__Work instruction__: An unchanged copy of all the lines below is expected, and it should contain no pictures.

__Dataset content__:
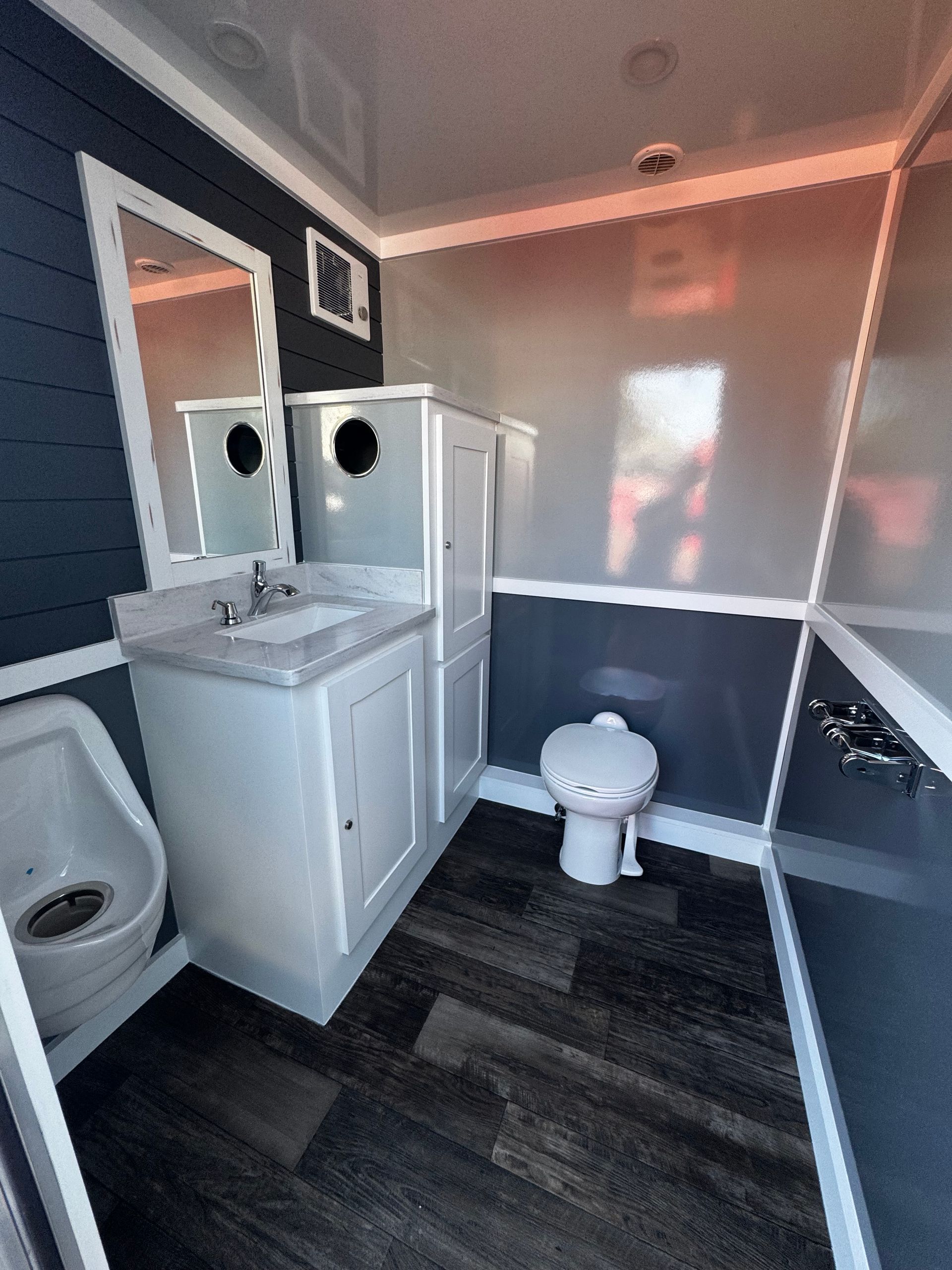 Interior of a portable restroom with a sink, toilet, and urinal. Blue walls and dark wood-look floor.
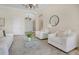 Airy living room featuring neutral tones, high ceilings, and modern decor at 12848 Jacob Grace Ct, Windermere, FL 34786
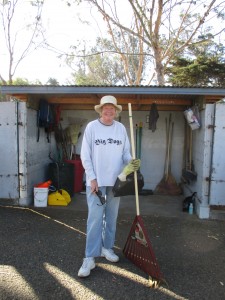 Community volunteer, Doreen, grabs some tools from the shed and gets ready to work.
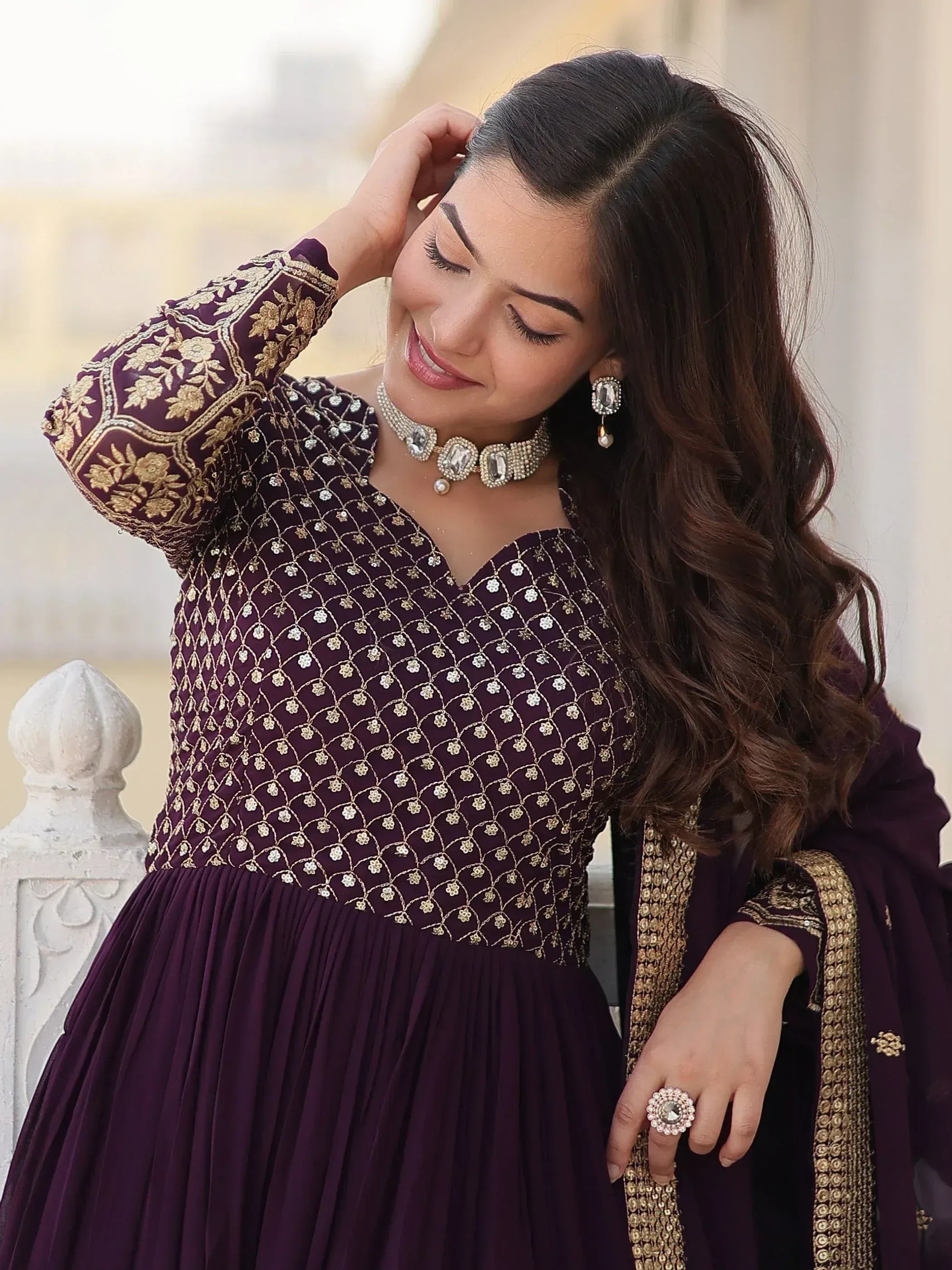 Elegant purple ethnic gown with gold embroidery, perfect for Indian weddings or festive occasions.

__Response to the exercise__:
 Interior of a portable restroom with a sink, toilet, and urinal. Blue walls and dark wood-look floor.
 Airy living room featuring neutral tones, high ceilings, and modern decor at 12848 Jacob Grace Ct, Windermere, FL 34786
 Community volunteer, Doreen, grabs some tools from the shed and gets ready to work.
 Elegant purple ethnic gown with gold embroidery, perfect for Indian weddings or festive occasions.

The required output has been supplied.